Damals gab es einen Forellenteich mit angeschlossenem Wirtshaus in Aschau im Zillertal. Leider kann ich dir nicht mehr sagen wie das Gasthaus hiess. Wenn man damals Forelle bestellt hat, ist der Koch mit der Rute los ;-)

Was aber sehr schoen ist, ist der Rheintaler See. (Zumindest damals) Ein wirklich sehr klarer Alpensee.

Gruss

Jan


----------



## neueinsteiger 07 (3. April 2010)

*AW: Forellenteich im Zillertal?*

Hallo Sockeye,

bin aus dem Zillertal und kann dir leider nur sagen, das wir zur Zeit noch keinen Forellenteich haben.

Es ist ein Teich in Arbeit, nur das dauert jetzt schon sehr lange und wird auch noch einige Zeit brauchen, bis dieser fertigt ist.

Gruß Helli


----------



## WEISHEITSGRANATE (3. April 2010)

*AW: Forellenteich im Zillertal?*



Janbr schrieb:


> Servus Sokey,
> 
> leider kann ich nur mit sehr, sehr alten Informationen dienen.
> 
> ...



In Aschau giebts schon lang koan Teich mehr

Hats Gasthaus Weiherwirt geheisen 

PS Mein opa hat in Aschau in der Senerei Forellen gezüchtet und er hat nie was vom eimem Forellenteich erzählt.

mfg Weisheitsgranate


----------



## hulkhomer (4. April 2010)

*AW: Forellenteich im Zillertal?*

Schau mal hier: http://www.gebirgsforelle.at/02/angelcenter.htm

Ist zwar nicht im Zillertal, aber auch nicht so weit.

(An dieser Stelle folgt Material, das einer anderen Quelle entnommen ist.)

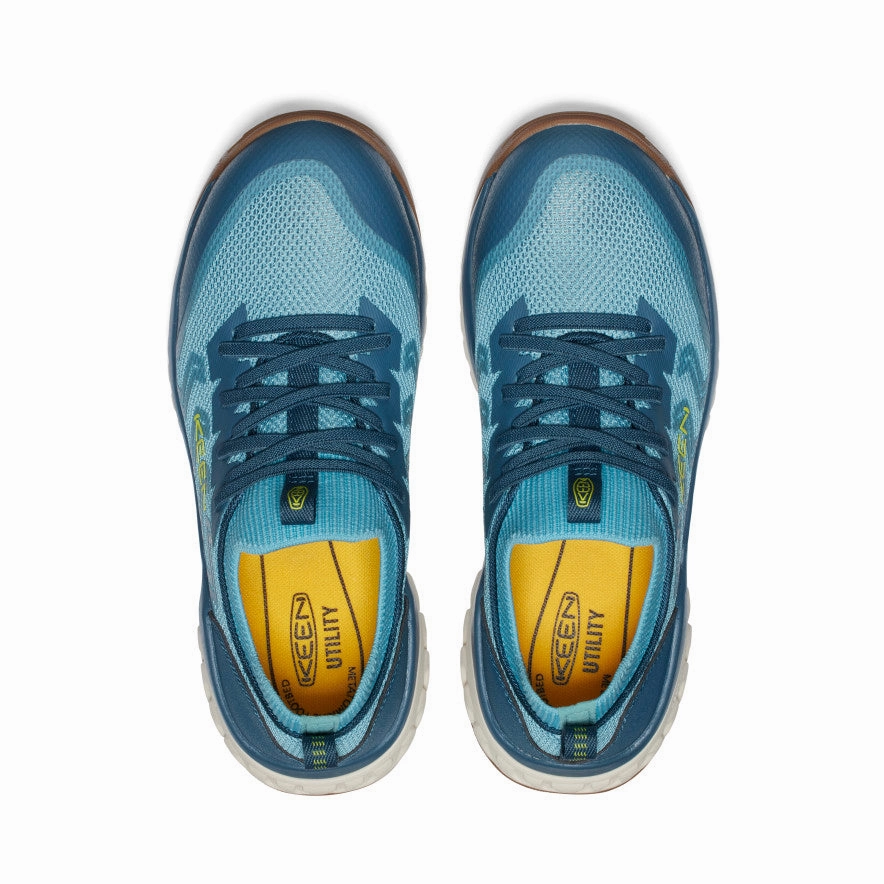 Everyday Innovation Progressive Outfit Women'S Arvada Shift Work Sneaker (Carbon Toe)  |  Reef Waters/Legion Blue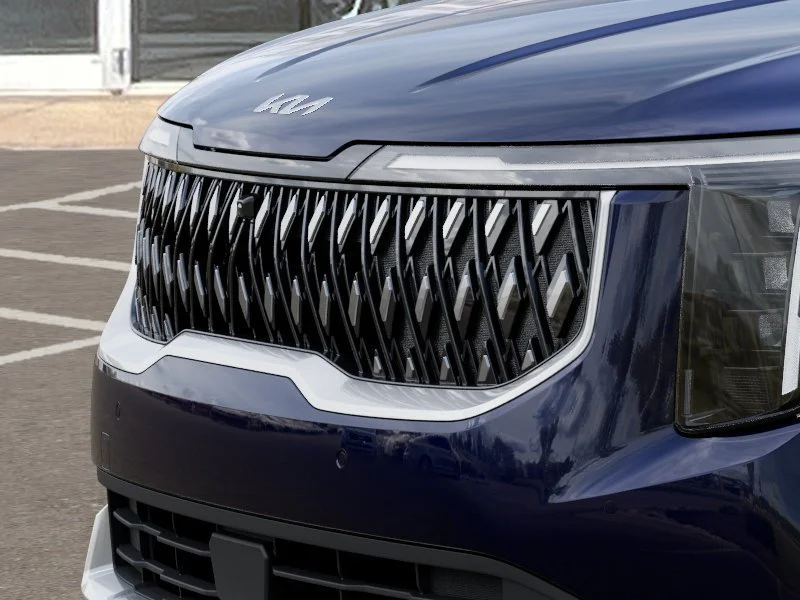 New 2027 Deep Chroma Blue Kia EX image 12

Die Anlage lohnt sich aber wirklich, da zum einen die Fische wirklich super sind und zum anderen die Wasserqualität,/Sichtigkeit usw. sehr gut sind. Kannte ich von keinem Forellenteich vorher.


----------



## Lorenz (4. April 2010)

*AW: Forellenteich im Zillertal?*

Hi

Schleggeisspeicher?
Wobei ich nicht weiß ob der noch zugefroren ist.Der liegt ziemlich hoch...

Vor ein paar Jahren kam ich auf 18 Bafos/Regenbogner/Saiblinge mit der Spinnrute am ersten "Angeltag" und immerhin noch 13 am zweiten.Das ist aber kein klassischer "Forellenteich".


----------



## WEISHEITSGRANATE (4. April 2010)

*AW: Forellenteich im Zillertal?*



hulkhomer schrieb:


> Schau mal hier: http://www.gebirgsforelle.at/02/angelcenter.htm
> 
> Ist zwar nicht im Zillertal, aber auch nicht so weit.
> 
> Die Anlage lohnt sich aber wirklich, da zum einen die Fische wirklich super sind und zum anderen die Wasserqualität,/Sichtigkeit usw. sehr gut sind. Kannte ich von keinem Forellenteich vorher.



An dem Teich war ich schon öfters und der ist in der Leutasch und vom zillertal fährt man dort hin bestimt 1,5 Stunden.

Schau mal hier rein http://www.tiroler-fischereiverband.at/docs/Fischerei-Angelteiche.htm

MFG Weisheitsgranate


----------



## WEISHEITSGRANATE (4. April 2010)

*AW: Forellenteich im Zillertal?*



Lorenz schrieb:


> Hi
> 
> Schleggeisspeicher?
> Wobei ich nicht weiß ob der noch zugefroren ist.Der liegt ziemlich hoch...
> ...



Was für nen Köder hast Du verwendet?

MFG Weisheitsgranate


----------



## Lorenz (4. April 2010)

*AW: Forellenteich im Zillertal?*

Wobbler im Forellendekor...


----------